Mortgage security hedging and the yield curve – includes article about call and extension risk

Julia D. Fernald

The steepening of the yield curve in response to tighter monetary policy this past spring puzzled many market analysts and economists. Most of the explanations of this phenomenon have focused on macroeconomic issues such as market expectations of higher inflation or higher future interest rates. This article offers an additional, markets-based explanation that examines hedging activity–particularly the hedging of mortgage-backed securities–and its effect on the short-run dynamics of the yield curve.

When interest rates rise, both the duration and the expected maturity of a mortgage-backed security (MBS) increase. If market participants seek to counteract the increased price risk in MBSs by taking short positions in similar duration Treasury securities, the increase in MBS duration should cause participants to move their short Treasury positions out the yield curve, effectively increasing the “supply” of long duration Treasuries.

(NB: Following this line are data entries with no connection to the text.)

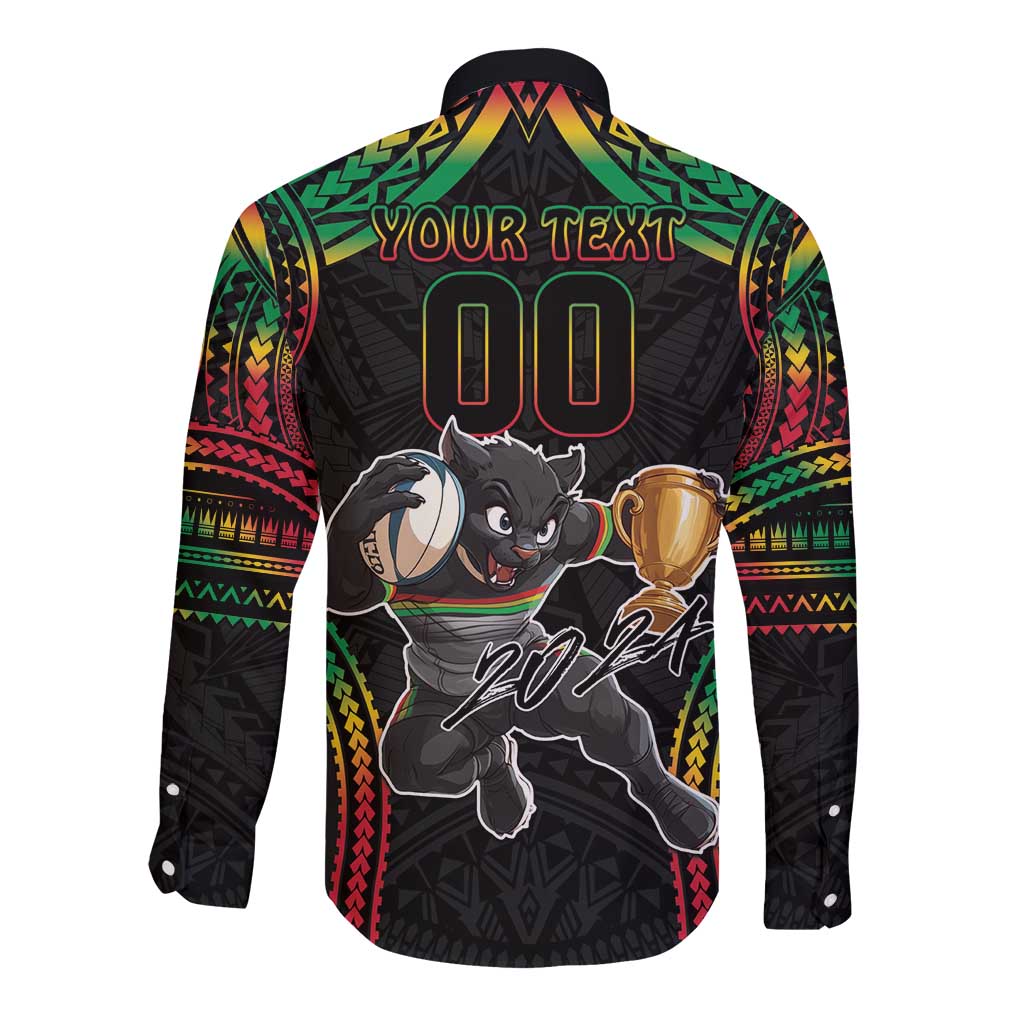 Custom Panthers Champion Grand Final 2024 Long Sleeve Button Shirt With Polynesian Style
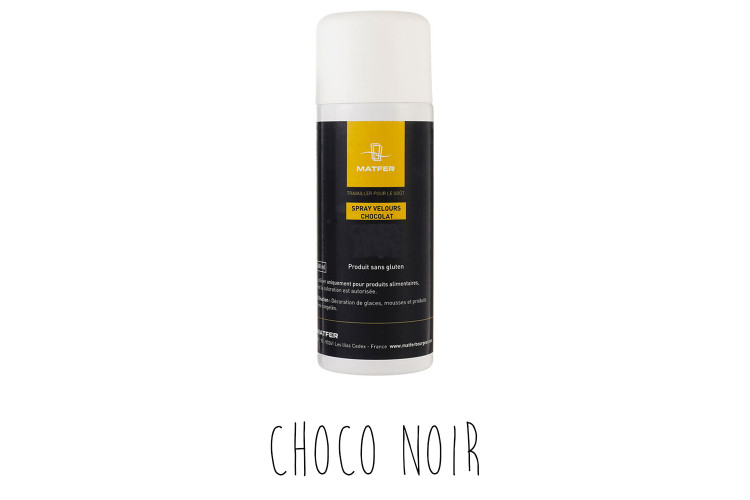 Spray velours pour p&acirc;tisserie Matfer choco noir 400ml 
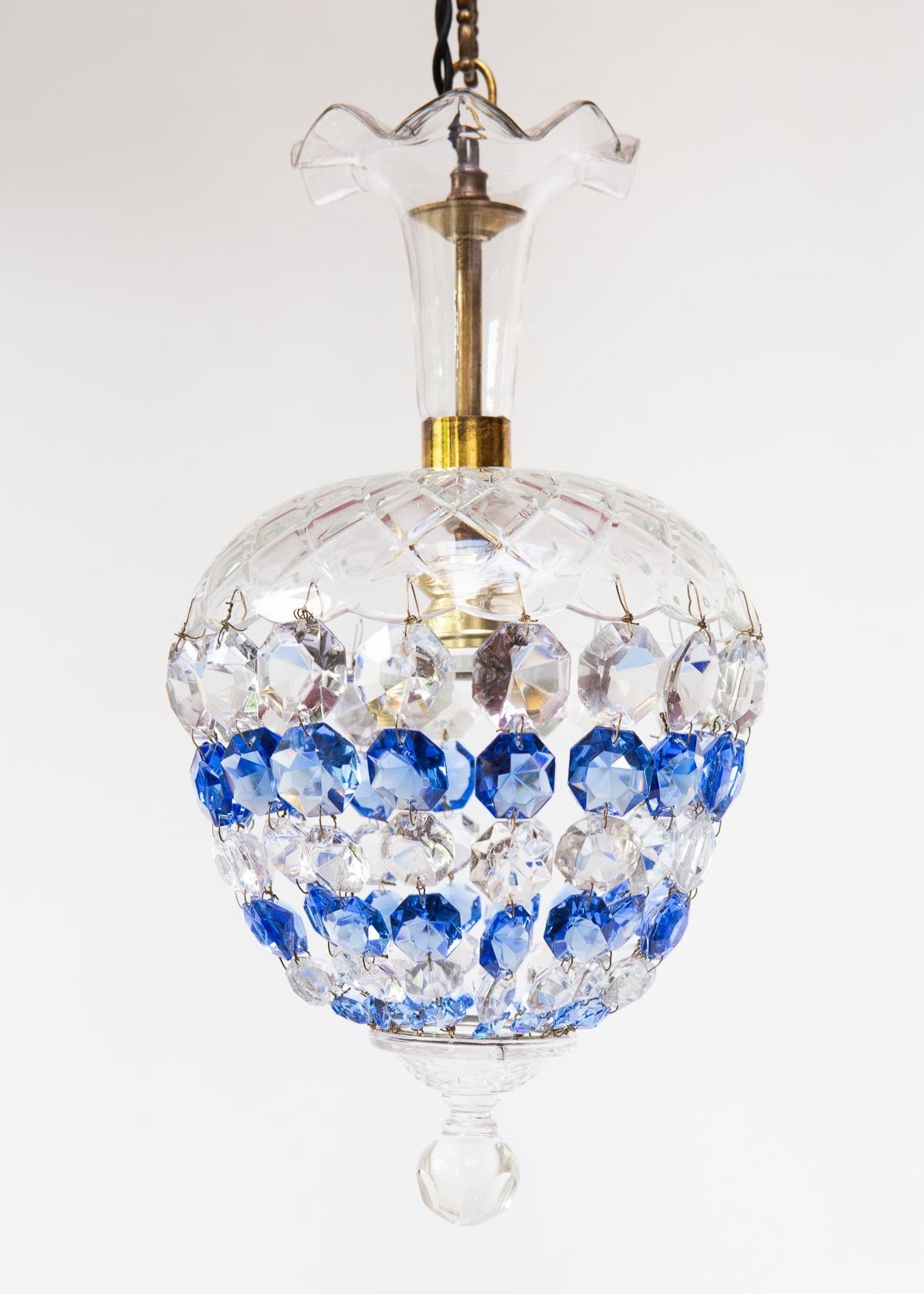 lámpara globo cristales azules 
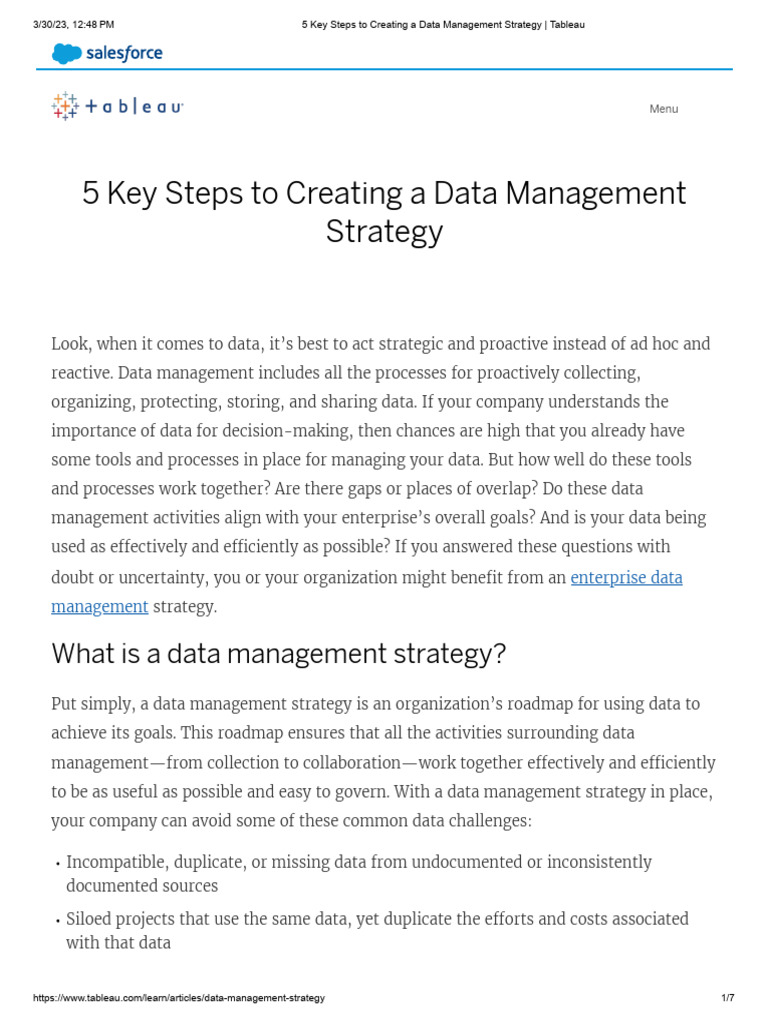 5 Key Steps To Creating A Data Management Strategy - Tableau | PDF ...
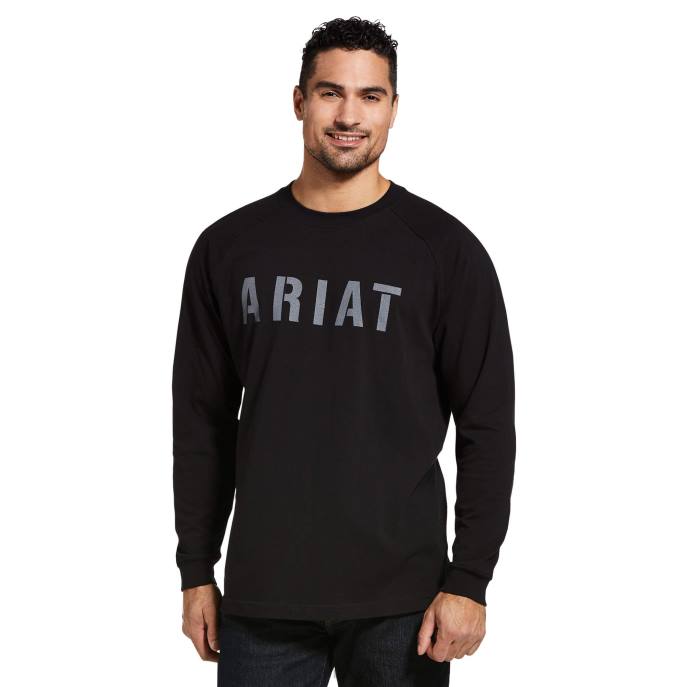 Ariat Rebar CottonStrong Block T-Shirt Men D0X6677 Black Tops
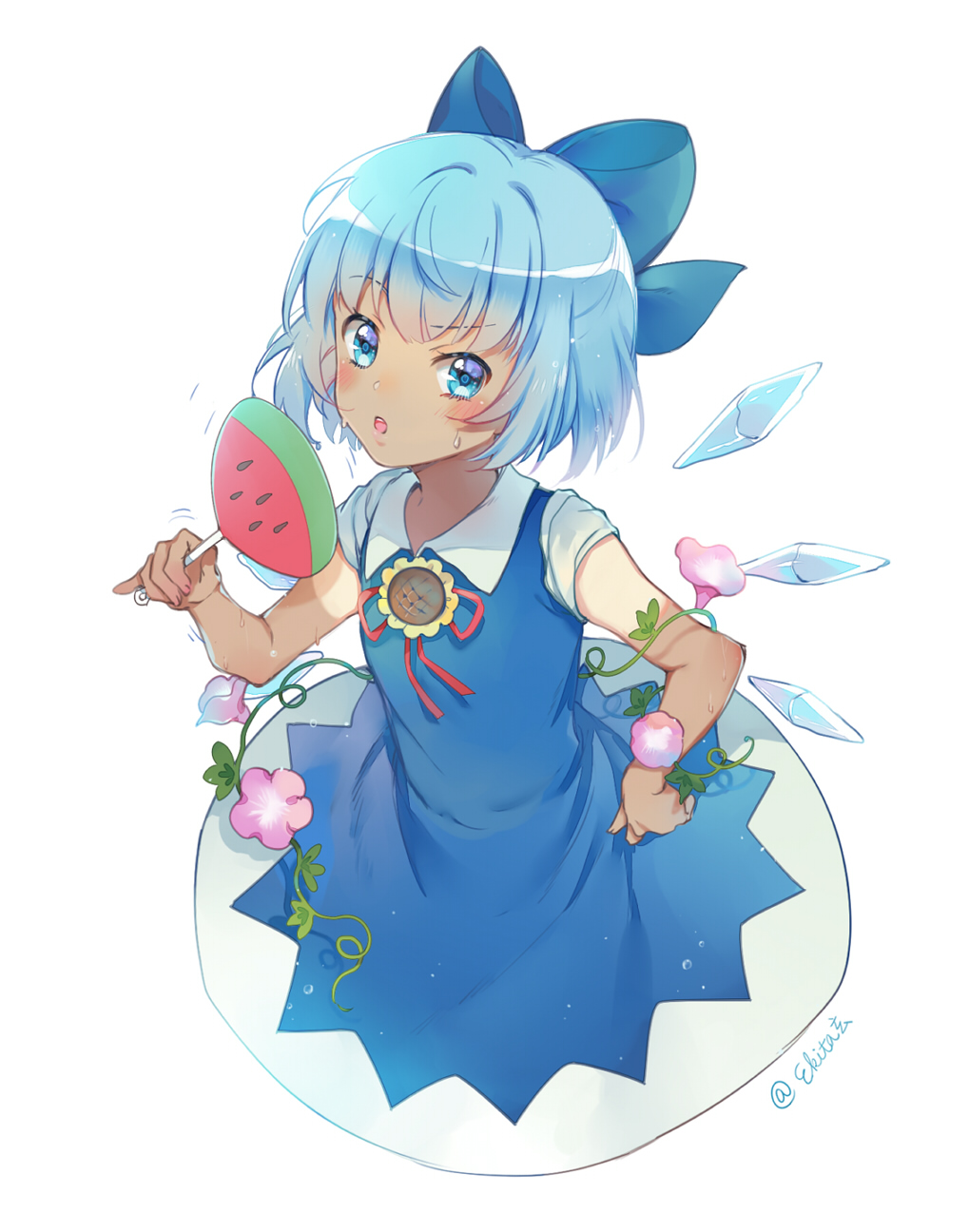 blouse blue_dress blue_eyes blue_hair blue_ribbon bow cirno dress dress_shirt ekira_nieto fan flower food_print hair_bow hair_flower hair_ornament hidden_star_in_four_seasons highres hot ice ice_wings paper_fan plant puffy_short_sleeves puffy_sleeves red_bow red_ribbon ribbon shirt short_hair short_sleeves sketch sunflower sunflower_hair_ornament tan tanline tanned_cirno touhou twitter_username uchiwa vines watermelon_print white_blouse white_shirt wings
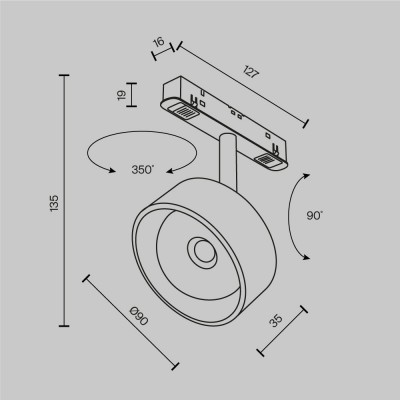 Трековый светильник Technical TR217-4-15WTW-DD-B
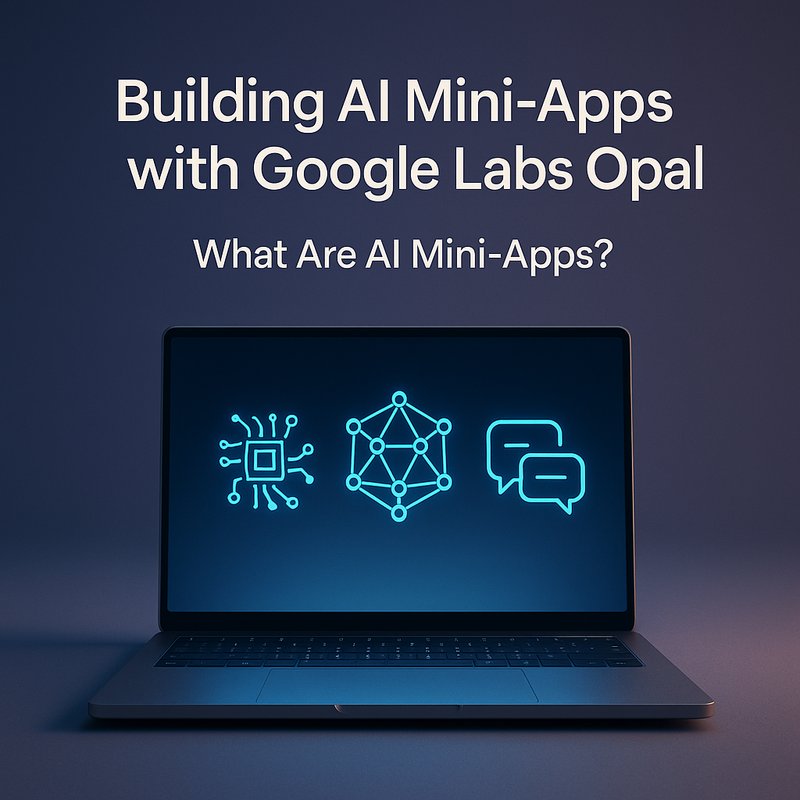 Screenshot of Google Labs Opal visual editor creating an AI mini‑app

Thus the hedging of mortgage securities in the Treasury market may–in the short run–magnify any increases in long-term rates that accompany policy tightening. To the extent that such hedging activity has become a standard feature of the marketplace in the last few years, it may have permanently altered the short-run dynamics of the yield curve and thus changed the transmission of monetary policy.

RECENT MOVEMENTS IN THE TREASURY YIELD CURVE

Chart 1 highlights several significant movements in the yield curve since the fall of 1993. First, long rates began to rise in October 1993, well before monetary policy tightened. Second, despite little or no observable inflation pressure, the Treasury yield curve did not flatten after policy was tightened: the 125 basis point increase in the federal funds rate from February through May of 1994 was accompanied by a 133 basis point increase in the ten-year Treasury rate. Third, after the change in policy direction in February, the yield curve became more hump-shaped: the two-year Treasury yield rose 175 basis points, but the thirty-year yield increased only 96 basis points.

Although the steepening after February was extreme by historical standards, Cohen and Wenninger (1994) have noted that since the mid-1980s, the short-run responsiveness of long rates to changes in the federal funds rate has increased sharply. A 100 basis point increase in the funds rate caused (on average) only a 15 basis point increase in the ten-year yield in the early 1980s, but a 40 basis point or more increase in the ten-year yield more recently (Chart 2).(1) In other words, when monetary policy is tightened, the yield curve now flattens less. Indeed, in the latest episode, it did not flatten at all.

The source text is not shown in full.